Cost-push inflation is the increase of prices when the cost of wages and materials goes up. These costs are often passed down to consumers through higher prices for those goods and services. An example of this would be lumber, an input suitable for houses. When the cost of timber spiked as much as 400% in 2021, it impacted the increase in housing prices resulting in inflation.
Increased money supply
The increased money supply is the total amount of money in circulation. This includes cash, coins, balances, and bank accounts. Let's say that the amount of money grows faster than the production rate. If that happens, it could lead to demand-pull inflation because too much money will be spent on too few goods.
When a country's exchange rate goes down, causing the value of its currency to go down, this is called "devaluation."
When a country's currency loses value, its exports become cheaper, which makes other countries more likely to buy those goods. When a country devalues its currency, it must pay more for foreign goods. This means that people in the country whose currency is losing value can buy goods made in their own country instead of from other countries.

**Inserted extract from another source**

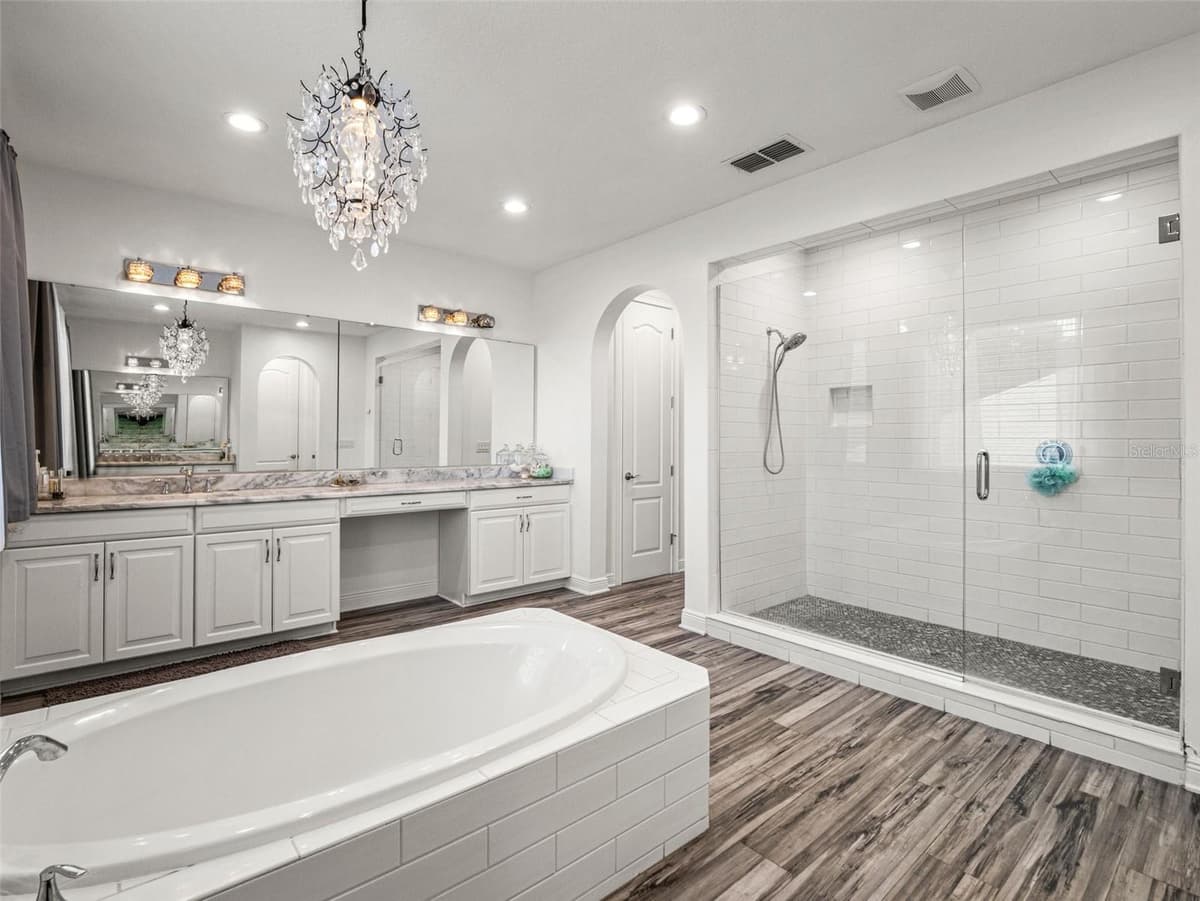1290 ARDEN OAKS DRIVE — photo 37 of 68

Raising wages means just what it sounds like: putting more money in workers' hands. "Wages are a cost of production." If wages go up a lot, businesses will have to either pass the cost on to customers or live with lower profit margins. The only time this isn't true is if they can make up for rising wages with higher productivity.
But economists are still divided about the effects of slow wage increases, like raising the minimum wage, compared to faster, more rapid wage growth in places like banking. Some think that if wages go up, businesses will have to pay more, leading to cost-push inflation. Others, on the other hand, believe that higher wages everywhere, not just in specific industries, will increase demand enough to make up for a price rise.
Policies and regulations
Cost-push or demand-pull inflation can also happen when specific policies are implemented. When the government gives tax breaks to certain products, it can make more people want those products. If there is more demand than supply, prices could go up. Also, strict building rules and even rent stabilisation policies could increase costs and cause inflation by passing those costs on to residents or artificially reducing the number of homes available.
The usual rate of inflation is around 2 per cent. A higher inflation rate like the current one means that our cost of living is already 10/12 per cent higher than 14 months ago. The current prices will not go down in the next 12 or 24 months. Even though we bring inflation under control, in a year, our basket of items will increase by at least 2 per cent. So, without an increase in wages, people will remain worse off and poorer in the medium and long run. But, how is it possible that we are poorer if we have seen that inflation is partially driven by lots of cash in the economy? Good question! The answer is that all this wealth is badly distributed: if we look at the UK population, half of the people have only enough to live, a significant number live under the poverty line and very few own most of the country's wealth.
We are going through a long period of instability. The good news is that ultimately it will bring a change. But a change will come once we reach the very bottom. And we are not there yet.